• **The task**: Copy out the data word for word, without any of its pictures.

Records provided Start Marker

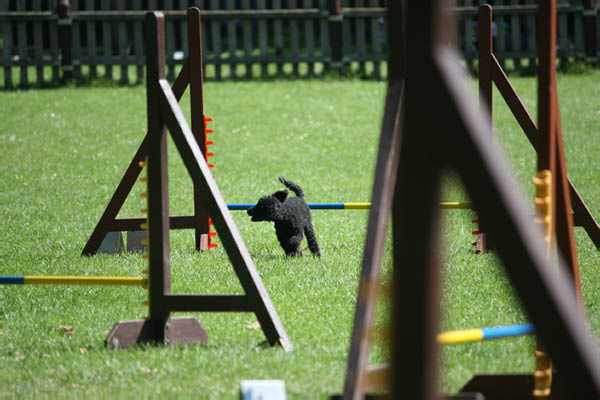 2011-08-20 Agility-Trainings-Turnier 073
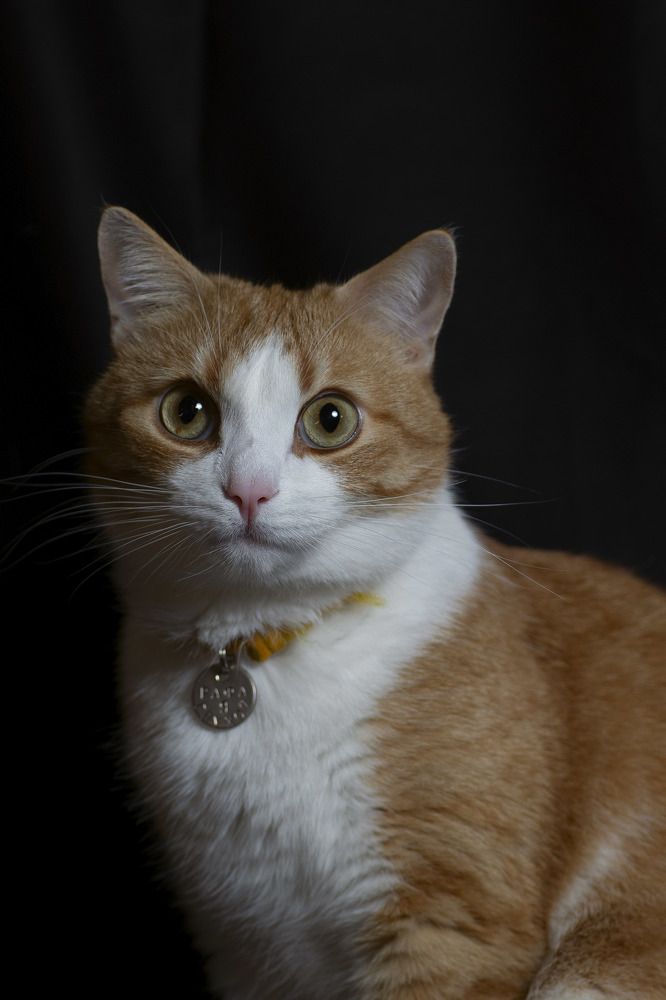 Photograph by Юлия Микульская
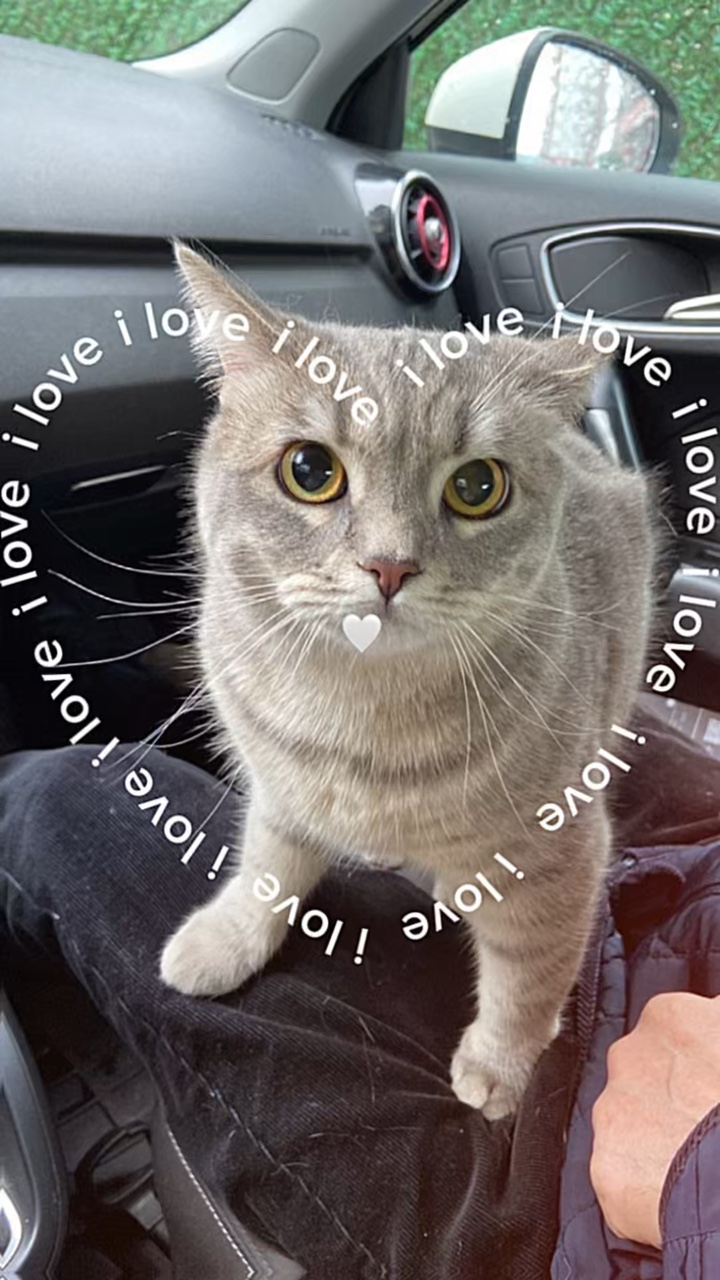 I love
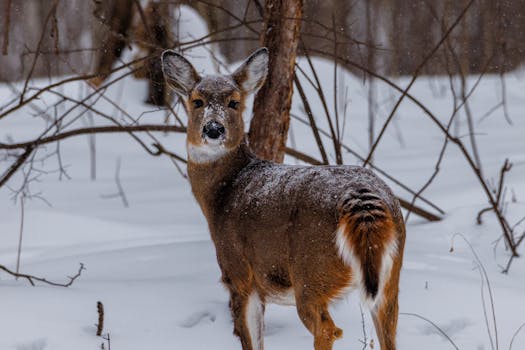 Kladno čelí změně dodavatele tepla: Co to znamená pro obyvatele?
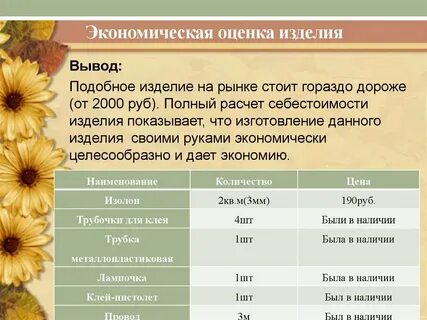 Экономическая оценка проекта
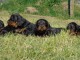 Chiots Setter Gordon à adopter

Records provided End Marker

• **Expected answer**:
 2011-08-20 Agility-Trainings-Turnier 073
 Photograph by Юлия Микульская
 I love
 Kladno čelí změně dodavatele tepla: Co to znamená pro obyvatele?
 Экономическая оценка проекта
 Chiots Setter Gordon à adopter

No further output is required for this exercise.